WUHAN, China - The irresistible rise of Aryna Sabalenka continued as she collected her second title in as many months, and biggest to date, at the Dongfeng Motor Wuhan Open with a 6-3, 6-3 defeat of Anett Kontaveit in the tournament's second straight all-unseeded final.
"It was a great tennis today - was a great level!" she enthused afterwards. Part of the reason for this level, she said, was her love of playing in China - where she reached her maiden final last year in Tianjin. "This is one of my favorite places to play. I really enjoy to be here. Always play well here. [I'm] always waiting for this part of the season. I always want to be here... Probably they have to have more tournaments in China!"

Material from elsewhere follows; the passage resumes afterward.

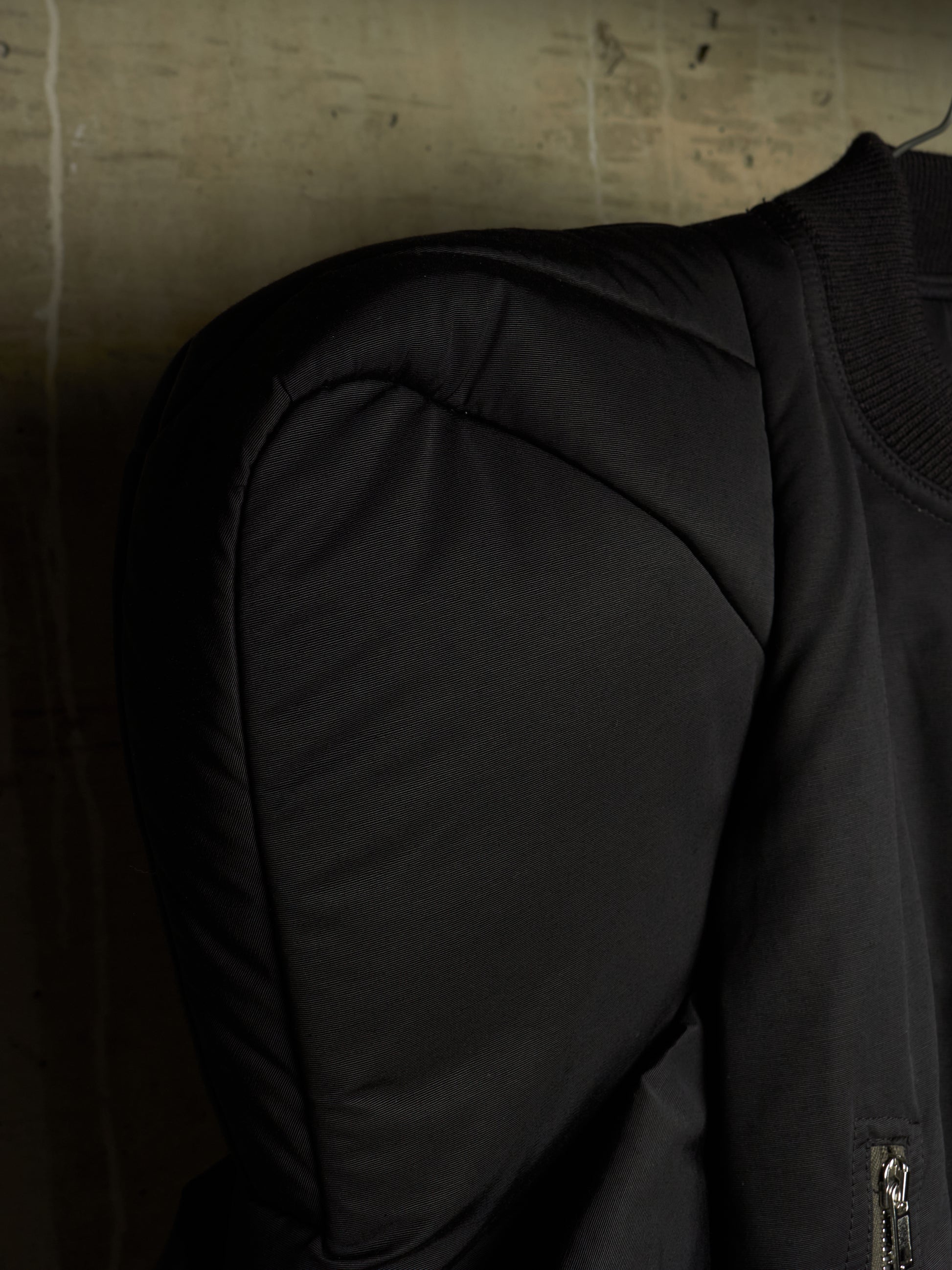 Close-up of a black puffer jacket sleeve and shoulder, showing padded seam details and a ribbed collar, set against a dark textured background.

The Belarusian had become the youngest player to hold a Premier title in August when she won her maiden crown in New Haven, and for her second title run she went one level higher to capture a debut Premier 5 trophy. Having lost her first three career finals, Sabalenka has now won two in a row without dropping a set - part of a spectacular run of form since June that has now seen her win 25 of her past 32 matches.
"It's a lot of things," she offered afterwards as an explanation for her rapid improvement this summer. "I just start to be more calm on the court, don't try to go aggressive with every shot, try to find a way. If I cannot put the ball in, I try to find a way... how to put it in finally.
The timing of Sabalenka's surge dates from her hiring of Dmitry Tursunov as her coach during the grass season, and the former ATP Top 20 player has been candid this week about the changes he has helped his charge effect - and about her huge future potential. Sabalenka feels much the same way about their partnership: "Well, I start thinking more on the court," she said. "Before, I was just, like, hit the ball as hard as I can, it's enough. From this summer when I start working with Dmitry, I start to think on the court. I think this is his job. Like 50% is his job, for sure."
In the biggest championship match of either players' careers, blazing winners were interspersed with wild errors as both big hitters sought to impose their power on the other. Sabalenka coughed up six unforced errors in the first two games alone - but the 20-year-old would soon settle, and once she did her power was relentless.
A series of scorching forehand winners provided the kind of brutal power fans have come to expect of Sabalenka - in total, she would hammer 25 past her opponent - but the World No.20 also showed off some surprising delicacy. After a Kontaveit double fault offered up the first break point chance of the match, Sabalenka would take it by deploying first a high, loopy backhand to draw the short ball - and then a perfect dropshot to finish the point.
Crucially, too, the Lugano and Eastbourne runner-up was also the superior server today. Sabalenka would not face a break point in the entire match, maintaining a first serve percentage of 63% and winning 78% of the points whenever she landed her first delivery. By contrast, Kontaveit's first serve percentage was a meagre 45% - allowing her remorseless opponent to tee off on too many second serve returns.
Sabalenka would also prove resilient in shaking off minor setbacks. Some of her worse errors - a sitter volley tapped into the net, a backhand metres over the baseline - would come in tight return games that she would eventually lose. But instead of becoming turning points, the youngest player in the Top 50 simply turned around and delivered an emphatic service hold in response.
Kontaveit would occasionally find success by dragging her rival out wide with heavy forehands, often eliciting a down-the-line error from an overpressing Sabalenka, but otherwise the Estonian was unable to find an answer to her opponent's sheer pace. Oddly unwilling to pull the trigger down the line with her backhand - a shot that has been such a key element of her arsenal this week - the World No.27 would only manage to strike 10 winners while racking up 15 unforced errors.
As the second set drew on, Sabalenka continued to make incursions into the Kontaveit serve, as well as beginning to showcase some judicious net forays to maintain her advantage. From 2-3 down, the New Haven champion began to peak in every aspect of the game: down-the-line winners off both wings, another well-executed dropshot, a massive backhand return to break in the seventh game. Reeling off 16 of the match's last 20 points, Sabalenka sealed the title in the most appropriate manner: a thunderous forehand winner, bang on the line.
The title will raise both players to a new career high ranking on Monday: Kontaveit will rise to the edge of the Top 20 at No.21, while Sabalenka will leap up to No.16.